DAVID HILL (B.A., MPhil., GDipJ) is a journalist and human rights activist. He writes regularly on Substack and is a co-producer of the recently-released film Bolivia Burning made by The Gecko Project, for whom he has been working as a consultant over the last year.

As a journalist, Hill has written many times for The Guardian, where he wrote the Andes to the Amazon column for some years, as well as contributing to other publications such as The Observer, The Ecologist, The Huffington Post, Mongabay, ChinaDialogue and the New Internationalist.

His focuses include indigenous peoples’s rights, indigenous peoples living in ‘isolation’, the Amazon, the oil and gas industries, forests and conservation. He writes in English and Spanish and his articles have been translated into Bahasa Indonesia, Catalan, Chinese, Dutch, French, Italian, Norwegian and Portuguese.

In addition to his journalism, he has worked in different capacities for the international non-governmental organisations Global Witness, Forest Peoples Programme, Survival International, International Work Group for Indigenous Affairs and Rainforest Foundation Norway.

His work has meant travelling to some of the remotest parts of the world in Brazil, Peru and West Papua.
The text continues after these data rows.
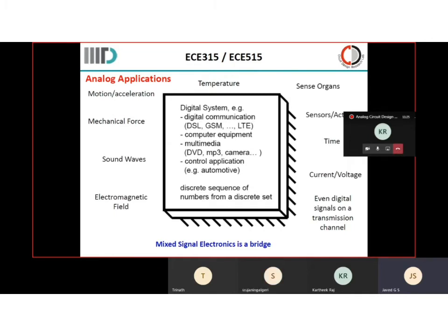For example, motion and acceleration, mechanical force, sound waves, electromagnetic signals, temperature, sense organs, sensors and actuators, time, current, voltage — all these are analog. But when you go inside a chip, you see the digital system: digital communication, computer equipment, multimedia, control applications, etc. You need a system which interfaces these two, and that is called mixed signal electronics. Mixed signal electronics primarily controls the conversion of analog signals into the digital domain and vice versa, digital to analog. When these two conversions are done, you are able to get the right kind of information.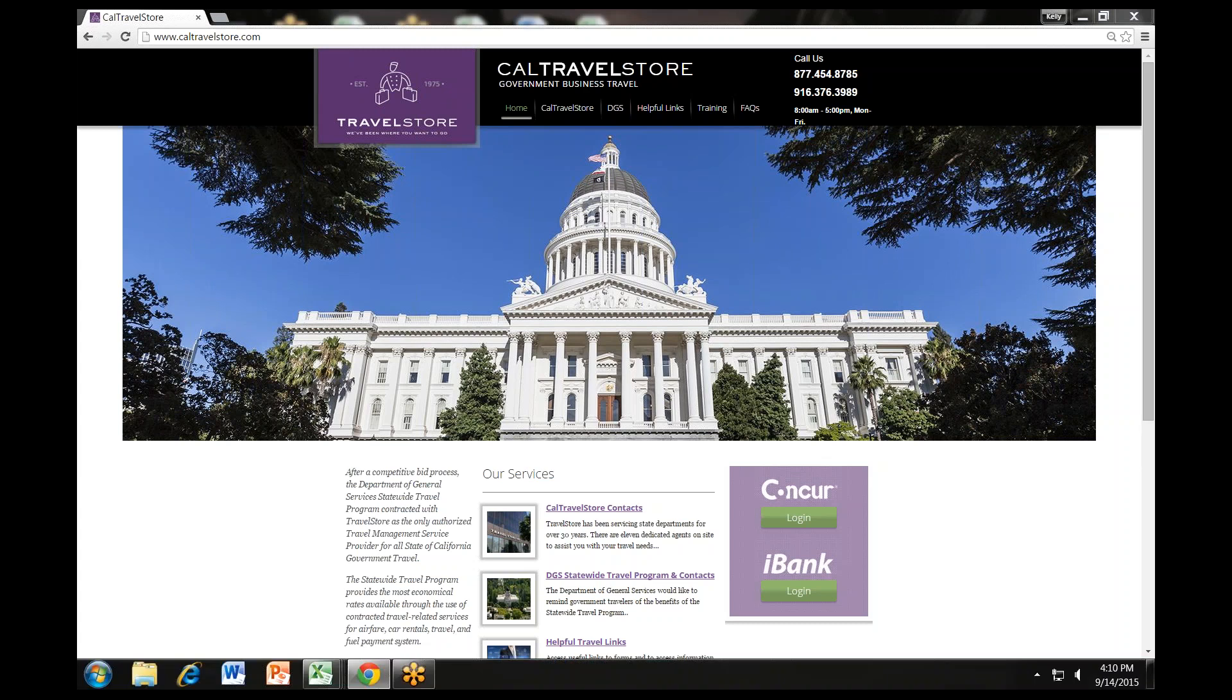Welcome to the Department of General Services Statewide Travel Program. Today's Concur Travel Training session will teach you how to book a flight, car, and hotel reservation.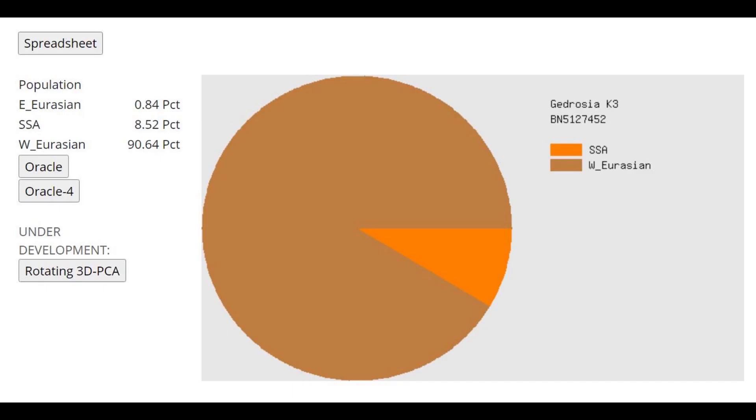And this is his result with Gedrosia K3. As you can see, very Caucasoid, very West Eurasian result. But there is that 9% sub-Saharan African ancestry, which, you know, Mediterraneans, and farmers and all these, basically all these Mediterranean people, they have some affinities towards sub-Saharan Africans.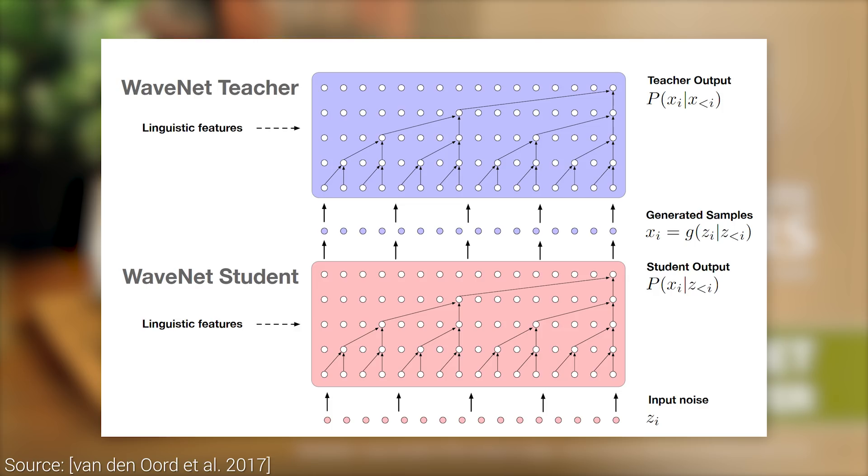It works by creating a reference network that is slow, but correct. Let's call this the teacher network. And the new algorithm arises as a student network which tries to mimic what the teacher does, but the student tries to be more efficient at that.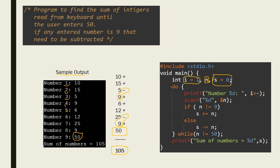I am using a do-while loop. As you know, in a do-while loop the 'do' is written first, then the set of operations are performed, and the condition is checked afterwards. To exit the loop on entering 50, the condition is given as 'while n not equal to 50'. As long as 50 is not entered, the loop continues reading numbers and performing addition or subtraction.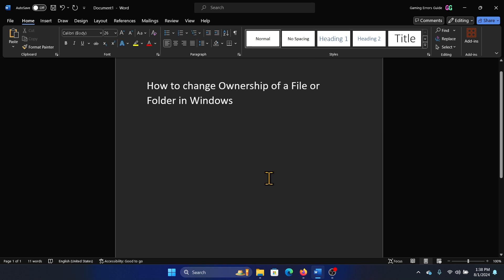Hey friends, if you wish to change the ownership of a file or folder on your Windows computer, then please watch this video. I will guide you through the procedure.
Exposés include Ecuador promising Chinese companies they could explore the famous ‘ITT’ oil fields in the Yasuni National Park, and plans by an international gas consortium leader to operate in the 'most biodiverse place on earth'.

He has lived in and travelled widely across Peru in particular, visiting Amahuaca, Arabela, Asháninka, Ashéninka, Awajún, Cashinahua/Huni Kuin, 'Chitonahua'/'Murunahua', Kichwa, 'Mastanahua', Matsigenka, Matsés, Yaminahua and Yine territories.

He has appeared on and in a wide range of media, including CNN, Sky News, Al-Jazeera, ITV, Channel 5, BBC World Service and BBC Radio 2, and been quoted or cited in National Geographic, Foreign Policy, New York Times, Reuters, Associated Press, Bloomberg, The Guardian and the Miami Herald, among many others.